Exploration and Belief

Extract from The Discovery of Truth: how seventeenth-century exploration changed the criteria for belief:

Travellers are notorious for telling tales. In the seventeenth century there was a lucrative trade to be made by bringing back examples of newly discovered plant and animal species and in describing the strange worlds explored. With such opportunities for fame and fortune the number of marvellous claims increased dramatically, so that it seemed all the monsters of ancient legend and popular imagination might exist in some far-flung corner of the globe.

Aware of their poor reputation for telling the truth, explorer William Dampier, in his dedication to Charles Mountague, President of the Royal Society, defended his honour with the words, ‘I have not so much the vanity of a Traveller, as to be fond of telling Stories, especially of this kind’ (Dampier 1698:preface).

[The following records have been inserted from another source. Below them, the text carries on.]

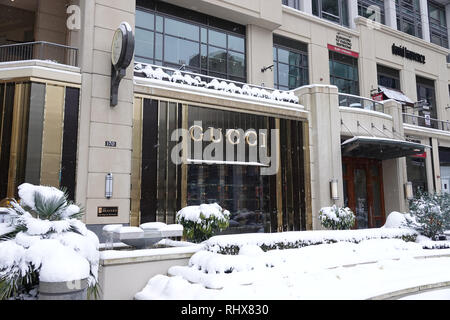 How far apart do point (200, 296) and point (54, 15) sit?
16.8 m

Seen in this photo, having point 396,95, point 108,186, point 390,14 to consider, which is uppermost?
point 390,14

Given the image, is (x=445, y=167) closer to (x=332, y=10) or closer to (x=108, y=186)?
(x=332, y=10)

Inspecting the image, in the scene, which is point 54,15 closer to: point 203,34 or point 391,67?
point 203,34

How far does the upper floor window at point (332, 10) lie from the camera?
27734 mm

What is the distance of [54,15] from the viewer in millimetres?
18328

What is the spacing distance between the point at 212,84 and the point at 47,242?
41.3ft

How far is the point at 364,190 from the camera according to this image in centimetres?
2353

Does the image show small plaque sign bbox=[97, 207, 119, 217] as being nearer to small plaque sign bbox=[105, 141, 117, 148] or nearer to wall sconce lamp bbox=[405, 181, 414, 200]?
small plaque sign bbox=[105, 141, 117, 148]

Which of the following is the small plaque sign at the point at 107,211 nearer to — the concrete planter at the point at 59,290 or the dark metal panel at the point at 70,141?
the dark metal panel at the point at 70,141

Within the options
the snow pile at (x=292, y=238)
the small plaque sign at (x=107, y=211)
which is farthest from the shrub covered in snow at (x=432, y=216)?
the small plaque sign at (x=107, y=211)

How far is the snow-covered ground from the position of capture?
7564 millimetres

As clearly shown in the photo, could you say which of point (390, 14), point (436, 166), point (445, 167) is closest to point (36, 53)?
point (436, 166)

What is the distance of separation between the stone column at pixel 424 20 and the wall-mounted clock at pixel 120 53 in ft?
108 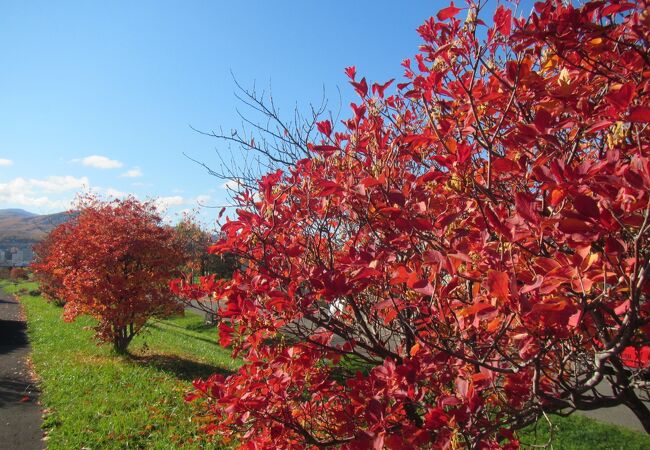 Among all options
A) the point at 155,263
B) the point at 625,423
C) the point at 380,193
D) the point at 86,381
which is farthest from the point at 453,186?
the point at 155,263

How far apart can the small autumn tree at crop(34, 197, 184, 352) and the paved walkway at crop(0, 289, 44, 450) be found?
1.52 meters

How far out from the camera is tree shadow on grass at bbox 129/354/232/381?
8198 mm

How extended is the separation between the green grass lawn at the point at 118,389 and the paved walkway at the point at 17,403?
6.3 inches

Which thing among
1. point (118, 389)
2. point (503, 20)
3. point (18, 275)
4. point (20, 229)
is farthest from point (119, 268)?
point (20, 229)

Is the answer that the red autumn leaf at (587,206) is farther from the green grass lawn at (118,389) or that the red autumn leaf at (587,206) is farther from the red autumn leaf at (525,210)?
the green grass lawn at (118,389)

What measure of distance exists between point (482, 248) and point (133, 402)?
6390 mm

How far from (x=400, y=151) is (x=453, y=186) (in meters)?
0.47

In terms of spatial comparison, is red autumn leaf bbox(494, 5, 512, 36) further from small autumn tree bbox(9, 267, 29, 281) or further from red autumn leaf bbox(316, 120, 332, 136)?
small autumn tree bbox(9, 267, 29, 281)

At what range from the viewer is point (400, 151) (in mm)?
2162

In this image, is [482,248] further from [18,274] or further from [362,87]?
[18,274]

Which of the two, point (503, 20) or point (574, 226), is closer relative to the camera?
point (574, 226)

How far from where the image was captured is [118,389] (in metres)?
6.88

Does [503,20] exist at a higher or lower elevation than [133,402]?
higher

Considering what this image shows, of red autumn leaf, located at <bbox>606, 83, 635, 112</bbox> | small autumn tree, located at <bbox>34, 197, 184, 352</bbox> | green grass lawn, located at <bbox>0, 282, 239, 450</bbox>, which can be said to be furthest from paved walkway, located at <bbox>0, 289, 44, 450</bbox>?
red autumn leaf, located at <bbox>606, 83, 635, 112</bbox> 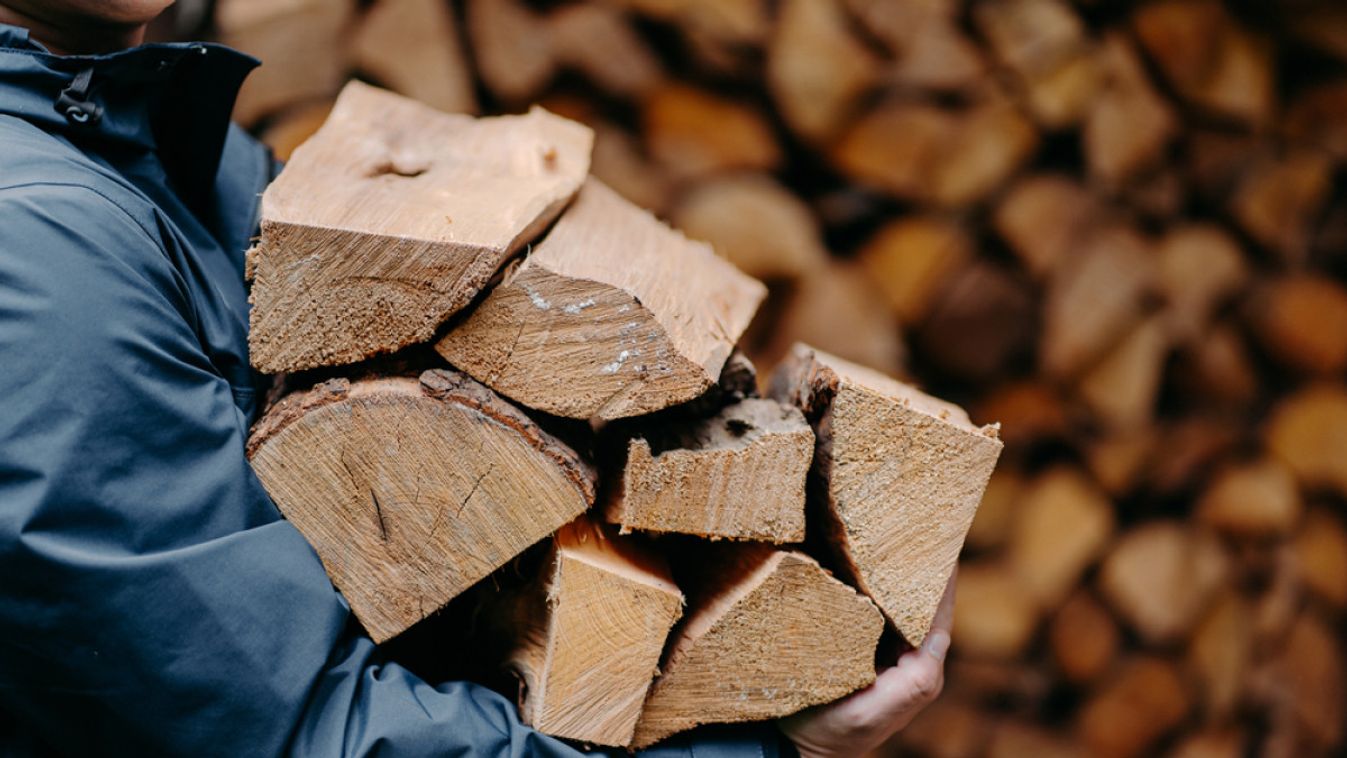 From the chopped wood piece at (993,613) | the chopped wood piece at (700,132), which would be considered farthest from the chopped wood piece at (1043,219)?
the chopped wood piece at (993,613)

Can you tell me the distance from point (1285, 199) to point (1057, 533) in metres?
0.89

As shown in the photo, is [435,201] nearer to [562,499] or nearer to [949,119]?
[562,499]

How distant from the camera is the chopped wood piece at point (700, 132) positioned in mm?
1887

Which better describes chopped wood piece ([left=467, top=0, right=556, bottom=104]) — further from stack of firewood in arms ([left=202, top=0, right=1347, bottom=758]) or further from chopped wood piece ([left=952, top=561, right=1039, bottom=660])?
chopped wood piece ([left=952, top=561, right=1039, bottom=660])

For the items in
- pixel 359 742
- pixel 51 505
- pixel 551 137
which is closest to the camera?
pixel 51 505

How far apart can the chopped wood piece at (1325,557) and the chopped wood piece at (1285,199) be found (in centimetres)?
67

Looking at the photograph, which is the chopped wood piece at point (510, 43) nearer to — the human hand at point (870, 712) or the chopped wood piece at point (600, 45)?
the chopped wood piece at point (600, 45)

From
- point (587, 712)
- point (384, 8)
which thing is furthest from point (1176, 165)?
point (587, 712)

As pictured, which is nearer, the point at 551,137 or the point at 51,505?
the point at 51,505

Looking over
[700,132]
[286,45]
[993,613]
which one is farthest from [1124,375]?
[286,45]

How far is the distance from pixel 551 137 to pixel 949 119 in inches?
38.1

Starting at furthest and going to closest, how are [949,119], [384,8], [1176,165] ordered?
[1176,165]
[949,119]
[384,8]

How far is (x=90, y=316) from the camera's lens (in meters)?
0.78

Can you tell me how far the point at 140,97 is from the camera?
1.02 m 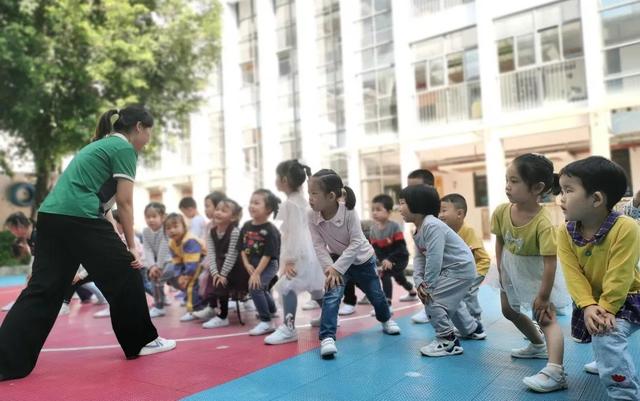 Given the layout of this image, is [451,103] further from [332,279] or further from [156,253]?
[332,279]

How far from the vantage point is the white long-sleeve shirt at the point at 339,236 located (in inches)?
145

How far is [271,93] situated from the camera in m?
18.3

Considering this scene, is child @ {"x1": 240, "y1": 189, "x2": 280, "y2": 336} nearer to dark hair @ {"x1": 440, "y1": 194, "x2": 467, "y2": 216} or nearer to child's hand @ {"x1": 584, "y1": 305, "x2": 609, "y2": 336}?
dark hair @ {"x1": 440, "y1": 194, "x2": 467, "y2": 216}

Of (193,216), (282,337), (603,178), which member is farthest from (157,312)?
(603,178)

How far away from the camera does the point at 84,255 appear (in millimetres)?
3279

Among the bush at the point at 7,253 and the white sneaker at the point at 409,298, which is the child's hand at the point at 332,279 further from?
the bush at the point at 7,253

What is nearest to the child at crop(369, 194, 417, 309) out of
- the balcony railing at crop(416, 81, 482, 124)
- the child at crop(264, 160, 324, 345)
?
the child at crop(264, 160, 324, 345)

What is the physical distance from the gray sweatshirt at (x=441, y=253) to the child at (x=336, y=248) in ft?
1.77

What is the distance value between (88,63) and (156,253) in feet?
25.2

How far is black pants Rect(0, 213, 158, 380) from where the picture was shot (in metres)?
3.16

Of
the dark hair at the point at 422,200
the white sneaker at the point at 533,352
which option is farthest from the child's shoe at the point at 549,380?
the dark hair at the point at 422,200

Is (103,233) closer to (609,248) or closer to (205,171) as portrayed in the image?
(609,248)

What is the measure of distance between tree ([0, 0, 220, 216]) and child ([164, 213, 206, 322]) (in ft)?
24.7

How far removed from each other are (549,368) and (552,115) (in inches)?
418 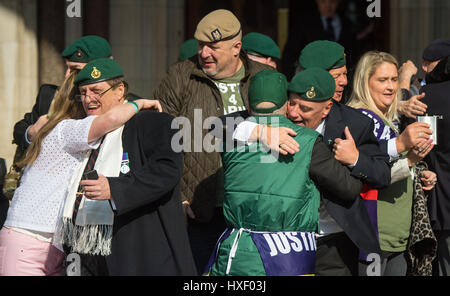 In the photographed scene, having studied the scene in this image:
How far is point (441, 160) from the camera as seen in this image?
5.63 m

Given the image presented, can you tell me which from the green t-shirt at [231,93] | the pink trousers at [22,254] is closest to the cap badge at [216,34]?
the green t-shirt at [231,93]

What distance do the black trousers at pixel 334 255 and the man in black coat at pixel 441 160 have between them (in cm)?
101

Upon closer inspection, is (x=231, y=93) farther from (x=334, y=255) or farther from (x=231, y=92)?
(x=334, y=255)

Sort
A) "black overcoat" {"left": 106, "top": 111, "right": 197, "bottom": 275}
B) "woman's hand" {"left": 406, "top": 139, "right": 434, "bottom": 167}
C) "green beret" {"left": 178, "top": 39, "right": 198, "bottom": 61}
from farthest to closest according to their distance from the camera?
"green beret" {"left": 178, "top": 39, "right": 198, "bottom": 61}, "woman's hand" {"left": 406, "top": 139, "right": 434, "bottom": 167}, "black overcoat" {"left": 106, "top": 111, "right": 197, "bottom": 275}

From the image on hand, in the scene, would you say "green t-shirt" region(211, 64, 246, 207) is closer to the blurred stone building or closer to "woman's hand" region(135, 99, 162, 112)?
"woman's hand" region(135, 99, 162, 112)

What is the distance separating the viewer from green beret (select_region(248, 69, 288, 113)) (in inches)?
170

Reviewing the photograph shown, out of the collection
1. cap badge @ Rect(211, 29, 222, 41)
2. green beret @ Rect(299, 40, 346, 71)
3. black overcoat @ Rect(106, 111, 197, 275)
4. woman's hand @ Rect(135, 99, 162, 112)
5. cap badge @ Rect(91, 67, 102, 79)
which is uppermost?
cap badge @ Rect(211, 29, 222, 41)

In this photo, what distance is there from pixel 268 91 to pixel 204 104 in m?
1.20

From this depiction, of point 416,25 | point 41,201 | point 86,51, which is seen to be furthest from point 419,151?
point 416,25

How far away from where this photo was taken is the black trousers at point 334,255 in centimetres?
473

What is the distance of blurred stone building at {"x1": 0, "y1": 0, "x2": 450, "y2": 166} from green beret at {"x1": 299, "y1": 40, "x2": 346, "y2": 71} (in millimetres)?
3661

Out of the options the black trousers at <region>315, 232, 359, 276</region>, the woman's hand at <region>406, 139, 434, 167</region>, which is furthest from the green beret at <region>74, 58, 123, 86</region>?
the woman's hand at <region>406, 139, 434, 167</region>

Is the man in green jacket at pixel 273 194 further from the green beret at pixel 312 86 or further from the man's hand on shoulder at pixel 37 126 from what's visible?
the man's hand on shoulder at pixel 37 126

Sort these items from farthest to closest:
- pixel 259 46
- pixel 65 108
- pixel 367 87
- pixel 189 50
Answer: pixel 189 50 → pixel 259 46 → pixel 367 87 → pixel 65 108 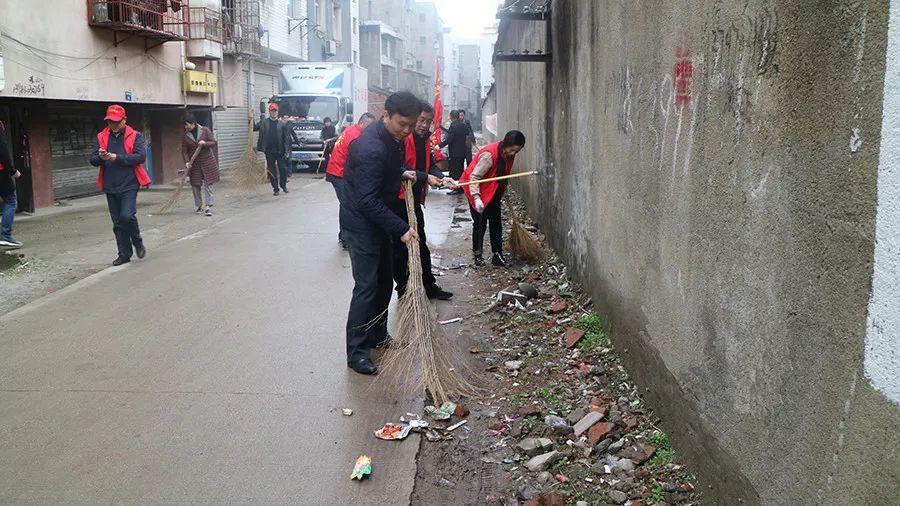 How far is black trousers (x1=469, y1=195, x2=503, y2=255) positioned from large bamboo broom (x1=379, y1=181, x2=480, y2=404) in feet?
10.1

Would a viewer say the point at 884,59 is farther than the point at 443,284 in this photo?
No

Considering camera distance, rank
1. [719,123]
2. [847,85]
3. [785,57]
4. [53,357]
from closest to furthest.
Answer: [847,85] → [785,57] → [719,123] → [53,357]

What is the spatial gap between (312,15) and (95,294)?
94.3 ft

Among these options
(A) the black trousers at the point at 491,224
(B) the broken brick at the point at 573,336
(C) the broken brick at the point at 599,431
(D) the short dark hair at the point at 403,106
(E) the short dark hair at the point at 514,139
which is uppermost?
(D) the short dark hair at the point at 403,106

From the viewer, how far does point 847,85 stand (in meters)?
2.08

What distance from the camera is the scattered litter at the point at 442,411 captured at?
4553 mm

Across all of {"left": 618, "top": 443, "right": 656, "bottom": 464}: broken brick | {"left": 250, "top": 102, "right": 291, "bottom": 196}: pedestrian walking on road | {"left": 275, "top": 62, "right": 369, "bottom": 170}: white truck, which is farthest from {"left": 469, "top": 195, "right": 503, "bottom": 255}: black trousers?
{"left": 275, "top": 62, "right": 369, "bottom": 170}: white truck

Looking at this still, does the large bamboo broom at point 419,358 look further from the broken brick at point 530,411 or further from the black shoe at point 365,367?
the broken brick at point 530,411

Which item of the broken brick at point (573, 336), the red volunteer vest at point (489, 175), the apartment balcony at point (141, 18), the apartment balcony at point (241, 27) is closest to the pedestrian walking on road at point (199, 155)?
the apartment balcony at point (141, 18)

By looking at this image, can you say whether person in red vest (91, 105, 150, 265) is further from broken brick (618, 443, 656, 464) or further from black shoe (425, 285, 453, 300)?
broken brick (618, 443, 656, 464)

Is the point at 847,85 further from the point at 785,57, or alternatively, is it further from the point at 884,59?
the point at 785,57

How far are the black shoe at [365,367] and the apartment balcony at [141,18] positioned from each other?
11581 mm

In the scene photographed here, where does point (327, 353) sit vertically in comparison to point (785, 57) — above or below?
below

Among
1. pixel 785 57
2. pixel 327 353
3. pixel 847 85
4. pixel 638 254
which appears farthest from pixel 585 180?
pixel 847 85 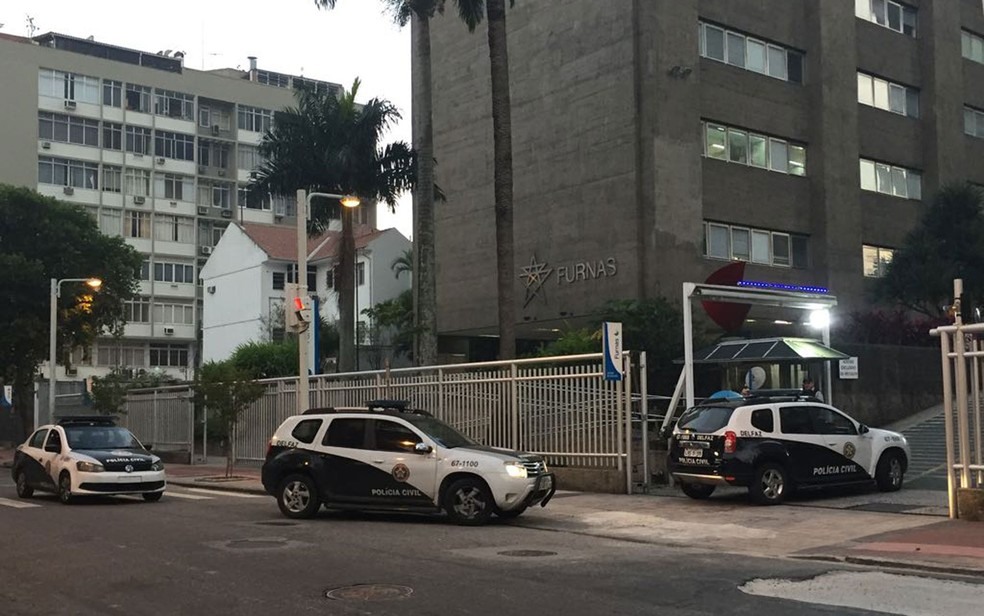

With more and more discoveries being made people became convinced that all the monsters of their imagination could be found in yet unexplored corners of the world. The issue of verification and what could be believed became a great concern to seventeenth-century natural philosophers, hence Tyson’s concern rather ‘to find out the Truth, than to enlarge in the Mythology’ about his ‘pygmie’ (Tyson 1699:preface).

Countless explorers claimed to have discovered new species of animals, new races of humans, or even to have located Paradise. Collections, the propagation of old tales and many new books on travel provided explorers (including armchair or ‘imaginary’ explorers) with further support for the existence of the monsters of classical authority. With so many extravagant claims to choose from, judging which could be believed became an essential skill.

The new extent of possibility threatened the existing understanding of the world, thus new knowledge had to be managed to distinguish between the credible and the implausible. The first step, therefore, was to establish criteria for belief.